## Task prompt
Some entries follow. Reproduce exactly the lines starting at the one with "Certified 2026 Toyota" and stopping after the one with "Koktejl Cointreau Fizz".

## Raw data
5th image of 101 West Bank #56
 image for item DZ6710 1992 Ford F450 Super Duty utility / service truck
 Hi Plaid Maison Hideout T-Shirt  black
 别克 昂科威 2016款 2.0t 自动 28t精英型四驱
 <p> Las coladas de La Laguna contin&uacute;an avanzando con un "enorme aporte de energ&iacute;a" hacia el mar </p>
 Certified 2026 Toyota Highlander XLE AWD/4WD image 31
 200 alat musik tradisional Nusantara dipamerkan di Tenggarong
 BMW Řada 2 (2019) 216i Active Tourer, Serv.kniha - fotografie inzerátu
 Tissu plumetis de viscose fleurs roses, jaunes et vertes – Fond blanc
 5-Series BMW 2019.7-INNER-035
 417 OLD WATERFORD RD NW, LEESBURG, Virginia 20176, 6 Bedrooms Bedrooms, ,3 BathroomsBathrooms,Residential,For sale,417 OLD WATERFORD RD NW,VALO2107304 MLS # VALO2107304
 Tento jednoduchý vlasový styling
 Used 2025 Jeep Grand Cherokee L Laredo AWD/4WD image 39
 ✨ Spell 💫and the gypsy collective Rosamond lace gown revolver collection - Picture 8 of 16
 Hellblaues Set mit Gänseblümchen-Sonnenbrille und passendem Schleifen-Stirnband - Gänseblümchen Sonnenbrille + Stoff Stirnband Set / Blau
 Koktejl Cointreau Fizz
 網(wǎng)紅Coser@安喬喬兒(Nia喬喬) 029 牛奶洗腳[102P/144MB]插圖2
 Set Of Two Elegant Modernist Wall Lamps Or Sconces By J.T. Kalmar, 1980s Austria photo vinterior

## Answer to this exercise
 Certified 2026 Toyota Highlander XLE AWD/4WD image 31
 200 alat musik tradisional Nusantara dipamerkan di Tenggarong
 BMW Řada 2 (2019) 216i Active Tourer, Serv.kniha - fotografie inzerátu
 Tissu plumetis de viscose fleurs roses, jaunes et vertes – Fond blanc
 5-Series BMW 2019.7-INNER-035
 417 OLD WATERFORD RD NW, LEESBURG, Virginia 20176, 6 Bedrooms Bedrooms, ,3 BathroomsBathrooms,Residential,For sale,417 OLD WATERFORD RD NW,VALO2107304 MLS # VALO2107304
 Tento jednoduchý vlasový styling
 Used 2025 Jeep Grand Cherokee L Laredo AWD/4WD image 39
 ✨ Spell 💫and the gypsy collective Rosamond lace gown revolver collection - Picture 8 of 16
 Hellblaues Set mit Gänseblümchen-Sonnenbrille und passendem Schleifen-Stirnband - Gänseblümchen Sonnenbrille + Stoff Stirnband Set / Blau
 Koktejl Cointreau Fizz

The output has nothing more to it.